Nivolumab is commonly used for the treatment of renal cell carcinoma (RCC) due to the efficacy seen in past trials, including CheckMate 025 and CheckMate 214.

Standard-of-care treatment for patients with intermediate- to high-risk RCC consists of partial or radical nephrectomy and surveillance, but a recent study by Mohamad E. Allaf, MD, and colleagues compared the use of nivolumab before nephrectomy followed by adjuvant nivolumab with surgery only in patients with high-risk RCC to determine which treatment offered better rates of recurrence-free survival (RFS).

The open-label, phase 3 PROSPER EA8143 trial enrolled 819 patients from the United States and Canada. Participants were 18 years of age or older, had an Eastern Cooperative Oncology Group performance status of 0-1, and had previously untreated clinical stage T2 or greater or T_any N+ RCC of clear cell or non-clear cell histology, with planned partial or radical nephrectomy. Patients with oligometastatic disease were also eligible for inclusion if found to be disease free at other disease sites within 12 weeks of surgery.

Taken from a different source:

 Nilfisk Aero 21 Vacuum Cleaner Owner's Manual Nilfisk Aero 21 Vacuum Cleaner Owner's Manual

Patients were randomly assigned to receive nivolumab in combination with surgery (nivolumab group; n=404) or surgery only followed by surveillance (surgery group; n=415). Patients in the nivolumab group were administered nivolumab 480 mg before surgery, followed by 9 adjuvant doses.

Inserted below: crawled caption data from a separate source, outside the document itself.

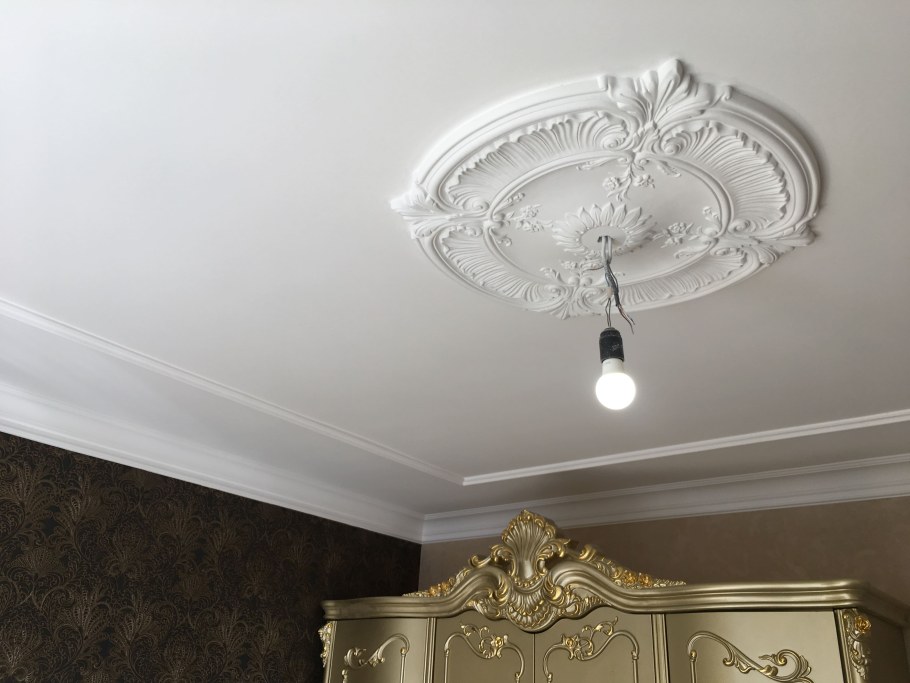 Kr 1314 (u) розетка потолочная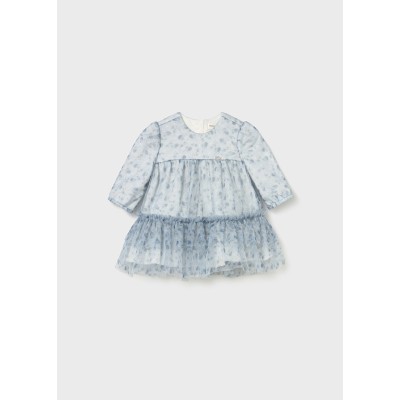 Mayoral - Vestito tulle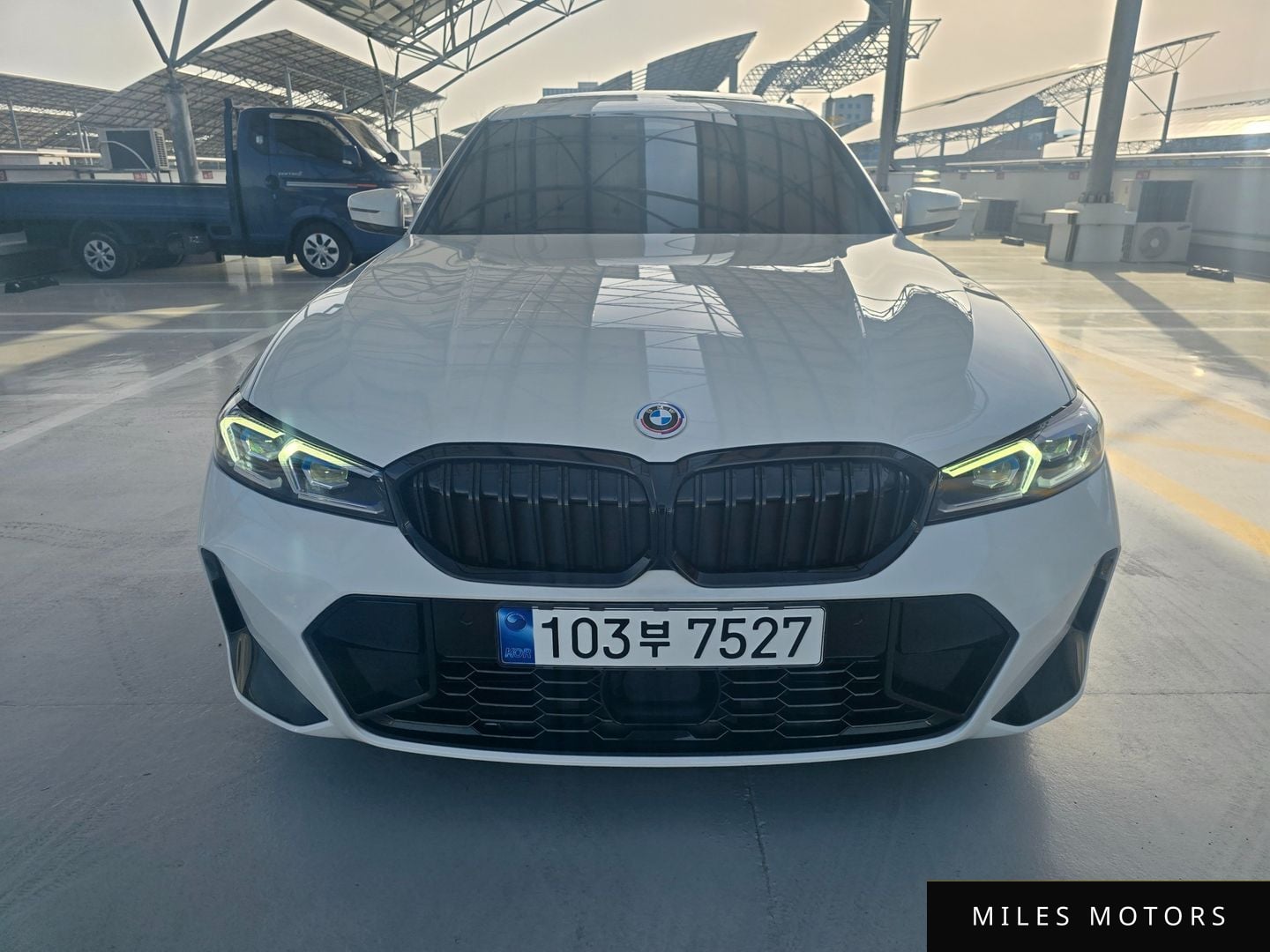 BMW 3 Series (G20) 2023 — миниатюра 3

The primary end point was investigator-reviewed RFS in patients with RCC regardless of histology. Safety was also assessed in all randomly assigned patients.

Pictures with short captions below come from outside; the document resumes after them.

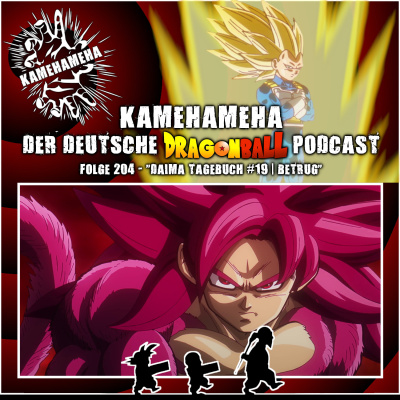 Kamehameha - Der Deutsche Dragon Ball Podcast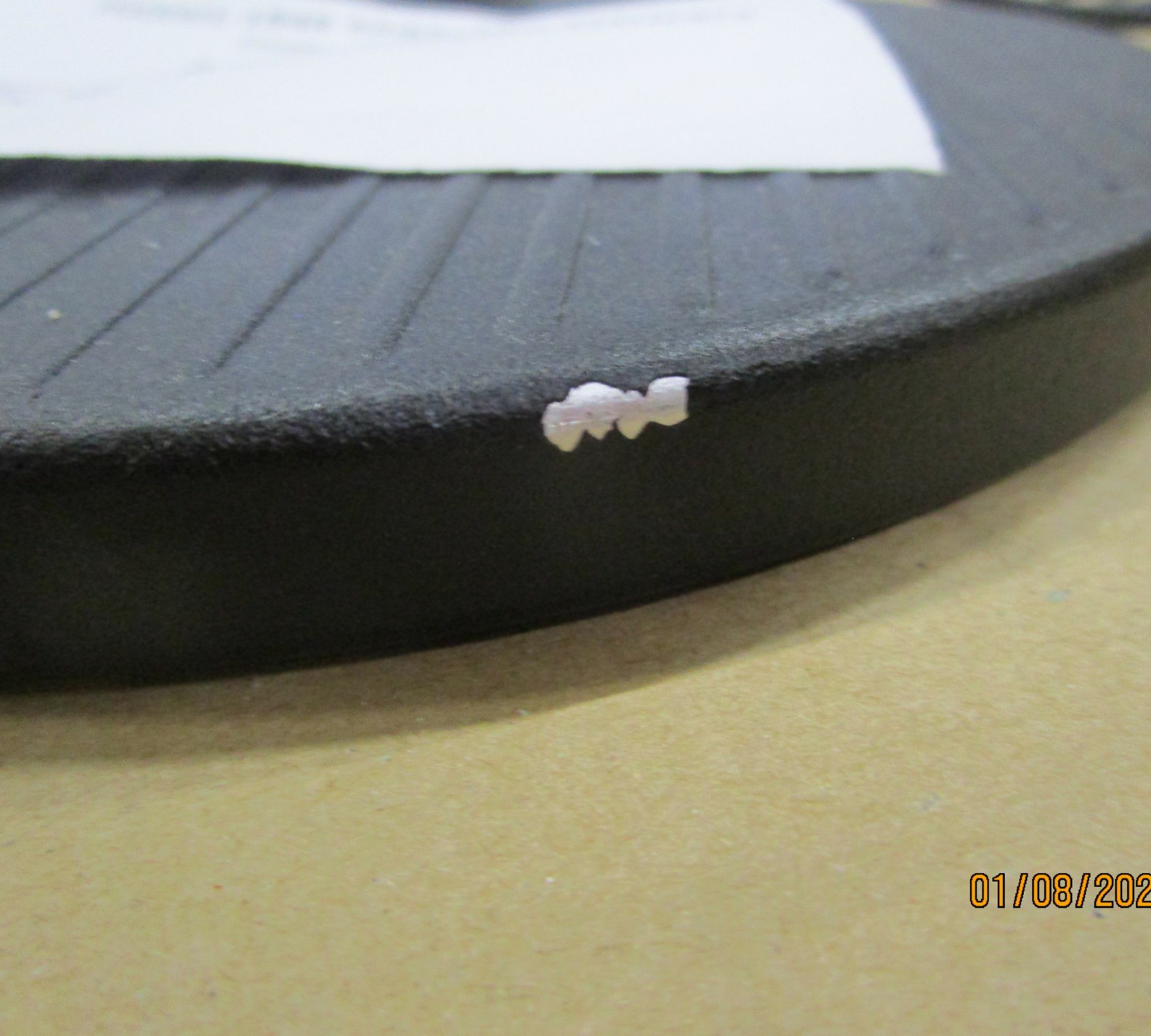 Tolomeo Tavolo Tischleuchte Schwarz Mit Tischfuß Ø 23cm 9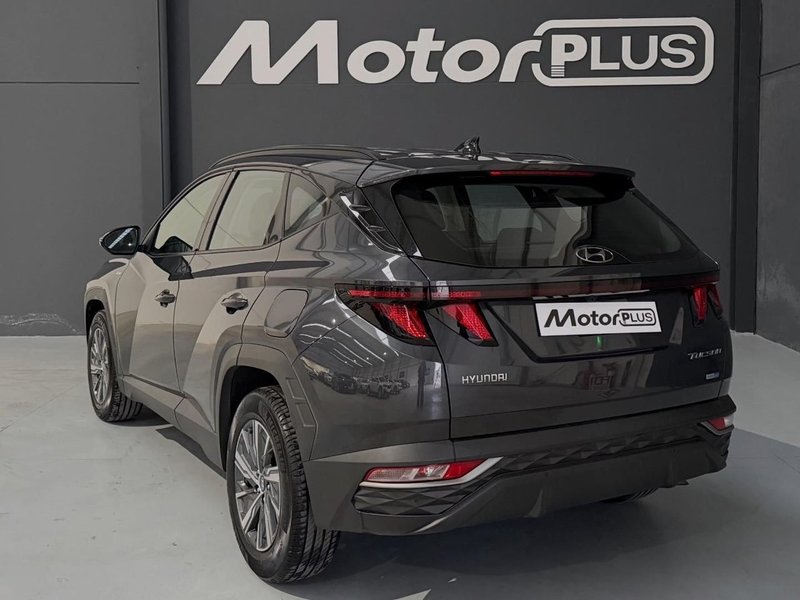 Hyundai Tucson 1.6 CRDI 48V Maxx (2021) 2022, foto 8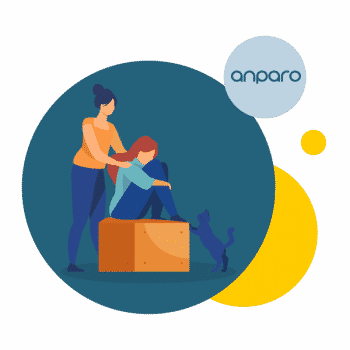 Stres na radnom mjestu. Zaštita na radu Anparo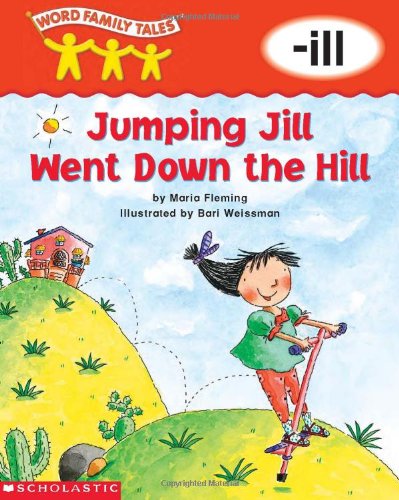 Jumping Jill went down the hill Cover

Between February 2017 and June 2021, treatment was started in 366 (91%) patients in the nivolumab group and 387 (93%) in the surgery group. Due to futility, the trial was stopped at a planned interim analysis in March 2022.

The median follow-up rates were 30.4 months (range, 21.5-42.4 months) in the nivolumab group and 30.1 months (range, 21.9-41.8 months) in the surgery group. A total of 381 (94%) patients in the nivolumab group and 399 (96%) in the surgery group were included in the RFS analysis.

As of the data cutoff in May 2023, RFS rates were not significantly different between the nivolumab (125 [33%] of 381 experienced RFS events) and surgery groups (133 [33%] of 399; hazard ratio, 0.94; 95% CI, 0.74-1.21; one-sided P=0.32).

Common grade 3-4 treatment-related adverse events (AEs) included elevated lipase, anemia, increased alanine aminotransferase, abdominal pain, and increased serum amylase. Grade 3-5 AEs of any cause, including anemia, hypertension, and elevated lipase, occurred in 177 (48%) patients in the nivolumab group and 93 (24%) in the surgery group. In the nivolumab and surgery groups, respectively, 48 (12%) and 40 (10%) patients died; 8 (2%) and 3 (1%) deaths, respectively, were determined to be treatment related.

The use of perioperative nivolumab before nephrectomy followed by adjuvant nivolumab was not found to improve RFS over surgery followed by surveillance in patients with high-risk RCC.